Connor and Bishop both moved quickly to grab Stephen and they pulled him back up to his feet. But now Stephen, loose from being restrained, used that super-gray strength of his to fight, shoving Connor with enough force that he flew back, landing hard on the pavement.
“You’re not hurting anyone else tonight.” Bishop grabbed the back of Stephen’s shirt.
“Kill me then,” Stephen begged.
“Sorry. It’s not that easy.” Bishop slammed the gray into the wall of the warehouse hard enough to knock Stephen out. He sent a look in my direction and raised a dark eyebrow. “Too violent for you?”
I fought to breathe normally, and repressed a nervous laugh. “I’ll allow it.”

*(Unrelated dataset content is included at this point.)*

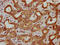 Hemoglobin Subunit Gamma 2 antibody, CSB-PA010156LA01HU, Cusabio, Immunohistochemistry frozen image 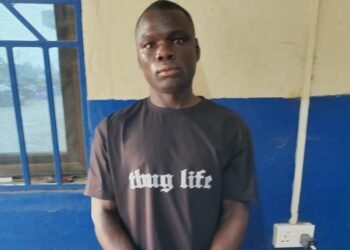 Agona Nkwanta: Court jails farmer for three months after viral video of wife assault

The barest of smiles moved across his lips. “I’ve wanted to do that for a while.”
“Go team,” Kraven said drily. “So what happens now? When he wakes up? Do we have a suicidal gray on our hands?”
Bishop shook his head. “My bet is it passes. The will to live, happiness in general, is not a measurable entity. It’s an emotion, a mental state. It’s possible when he wakes up he’ll be back to normal. We’ll take him to St. Andrew’s and monitor him.”
Stephen was incapacitated. Jordan and I had escaped. Any broken bones had been healed.
We were lucky. It really could have gone much worse than this.
“I’m so sorry. It was my fault.” Zach shook his head. “I had him, but he slipped away from me.”
Connor had pushed himself to his feet. “I’m fine. A couple bruises. Nothing to worry about.”
“Yeah, forget it,” Bishop said. “He was possessed. You’re lucky he didn’t attack you, too. His strength is off the charts.”
“But I’m the one with the dagger.” Zach looked down at the golden weapon in his grip. “I should have been the one to stop him.”
“Like I said, forget it.”
“I can’t. I can’t forget it. It’s always this way. I have potential, but I don’t live up to it. My father told me that once. Nothing I did ever impressed him. Nothing.” He let out a shaky sigh. “He was ashamed of me. It made me ashamed of myself. I hated him so much. I—I can’t believe that hate didn’t turn my soul dark and heavy. There were times that I wanted to kill him.”
I’d completely stopped breathing. “Zach...the angel...did it touch you, too?”
He turned his anguished gaze toward me. Tears began to streak down his cheeks. “It doesn’t matter. I can’t do this anymore. It’s too much. I thought I was strong, but I’m not. Trinity is doomed. We were set up to fail. Do you know what happens then? The city will be destroyed—wiped off the face of the earth because I failed. I have nothing to live for. Nothing!”
“No, Zach! Don’t!” I screamed.
But it was already too late.
Zach turned the dagger toward himself and plunged it into his chest.